La tasa de absentismo en España alcanzó el 7,5% en 2024, lo que significa
que más de 1,18 millones de trabajadores no acudieron ni una sola hora a su
puesto durante el tercer trimestre del aquel año. La incapacidad temporal
continúa siendo la principal causa de ausencia laboral. Por comunidades
autónomas, Baleares registró la menor tasa de absentismo, con un 4,7%, seguida
de Canarias y Andalucía. En el lado opuesto se situaron País Vasco, Navarra y
Murcia, con los niveles más elevados de ausencias laborales. Castilla-La Mancha
mantiene una tasa de absentismo laboral inferior a la media nacional, aunque el
fenómeno continúa creciendo.

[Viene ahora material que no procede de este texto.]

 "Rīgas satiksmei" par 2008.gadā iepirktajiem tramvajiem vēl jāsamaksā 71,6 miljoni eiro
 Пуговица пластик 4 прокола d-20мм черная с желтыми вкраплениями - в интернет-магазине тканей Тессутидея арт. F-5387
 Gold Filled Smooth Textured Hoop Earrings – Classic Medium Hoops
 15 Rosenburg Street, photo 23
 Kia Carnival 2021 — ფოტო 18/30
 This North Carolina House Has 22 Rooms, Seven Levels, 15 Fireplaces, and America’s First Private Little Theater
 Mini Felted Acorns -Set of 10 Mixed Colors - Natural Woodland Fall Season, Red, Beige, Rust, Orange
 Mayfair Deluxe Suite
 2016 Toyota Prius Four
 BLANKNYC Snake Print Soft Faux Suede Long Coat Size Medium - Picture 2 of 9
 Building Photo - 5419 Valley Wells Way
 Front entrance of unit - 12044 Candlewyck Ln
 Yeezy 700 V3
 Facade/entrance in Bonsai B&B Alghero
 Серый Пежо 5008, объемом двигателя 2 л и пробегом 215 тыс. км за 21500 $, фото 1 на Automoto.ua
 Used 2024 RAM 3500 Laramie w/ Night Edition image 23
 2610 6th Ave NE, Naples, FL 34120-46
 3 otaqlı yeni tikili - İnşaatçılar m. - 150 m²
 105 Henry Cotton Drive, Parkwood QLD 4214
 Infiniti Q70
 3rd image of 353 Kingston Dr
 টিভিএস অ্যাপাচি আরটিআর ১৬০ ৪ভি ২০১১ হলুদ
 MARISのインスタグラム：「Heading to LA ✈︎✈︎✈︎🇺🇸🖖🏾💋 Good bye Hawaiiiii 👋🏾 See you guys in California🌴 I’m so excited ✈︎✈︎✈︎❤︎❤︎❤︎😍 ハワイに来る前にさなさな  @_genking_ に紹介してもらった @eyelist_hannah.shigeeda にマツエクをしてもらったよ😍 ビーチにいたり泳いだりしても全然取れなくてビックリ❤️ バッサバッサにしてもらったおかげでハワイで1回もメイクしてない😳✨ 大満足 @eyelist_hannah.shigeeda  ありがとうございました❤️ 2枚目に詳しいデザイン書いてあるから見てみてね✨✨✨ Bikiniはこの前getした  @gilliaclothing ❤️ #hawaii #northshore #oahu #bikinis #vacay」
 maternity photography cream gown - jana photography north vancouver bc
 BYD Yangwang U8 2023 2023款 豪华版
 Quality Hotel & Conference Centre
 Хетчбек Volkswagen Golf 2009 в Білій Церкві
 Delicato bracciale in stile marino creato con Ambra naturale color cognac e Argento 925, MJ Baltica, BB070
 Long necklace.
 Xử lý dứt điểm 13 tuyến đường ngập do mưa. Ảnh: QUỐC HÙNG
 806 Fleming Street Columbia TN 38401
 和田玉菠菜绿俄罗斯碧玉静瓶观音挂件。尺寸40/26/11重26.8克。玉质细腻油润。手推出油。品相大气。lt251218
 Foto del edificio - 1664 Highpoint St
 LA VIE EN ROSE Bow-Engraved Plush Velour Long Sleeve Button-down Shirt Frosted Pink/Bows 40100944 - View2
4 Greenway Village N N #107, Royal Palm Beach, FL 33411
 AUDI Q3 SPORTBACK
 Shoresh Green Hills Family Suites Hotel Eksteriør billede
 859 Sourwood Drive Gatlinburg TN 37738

Durante 2024, el índice regional se movió entre el
6,1% y el 6,5%, impulsado principalmente por las bajas médicas por incapacidad
temporal.
El fuerte impacto económico del absentismo laboral
Entre los costes más importantes destacan la pérdida de productividad, el
pago de sustituciones y horas extraordinarias, así como los retrasos en la
ejecución de proyectos y servicios. Cuando un trabajador falta de manera
continuada, las empresas se ven obligadas a redistribuir tareas entre el resto
de la plantilla, lo que genera sobrecarga laboral y un descenso general del
rendimiento.
En sectores con gran dependencia de la presencia física, como la industria,
la logística, la hostelería o los supermercados, el impacto es todavía mayor.
Las cadenas de distribución, por ejemplo, han soportado costes superiores a los
1.000 millones de euros derivados de bajas por contingencias comunes. A ello se
suma la dificultad para cubrir puestos especializados o turnos en momentos de
alta demanda.
El absentismo también afecta a la capacidad de planificación de las
empresas. Las ausencias imprevistas obligan a reorganizar continuamente equipos
y horarios, dificultando el cumplimiento de objetivos y aumentando la
incertidumbre operativa. En pequeñas y medianas empresas, donde las plantillas
son más reducidas, la ausencia de uno o varios empleados puede paralizar
parcialmente la actividad.
El absentismo también deteriora el clima laboral. La sobrecarga de trabajo
para los empleados que deben cubrir ausencias provoca tensiones internas,
pérdida de motivación y mayor rotación de personal. Las empresas alertan además
del riesgo de empeoramiento del llamado “employer branding”, es decir, la
imagen de la compañía como lugar atractivo para trabajar.
Además, el incremento de las bajas de larga duración genera una presión
creciente sobre el sistema público de protección social y sobre las mutuas
laborales. El fuerte aumento de procesos que superan el año de duración
preocupa especialmente a empresarios y administraciones, ya que supone mayores
costes sanitarios y una reducción prolongada de la actividad productiva.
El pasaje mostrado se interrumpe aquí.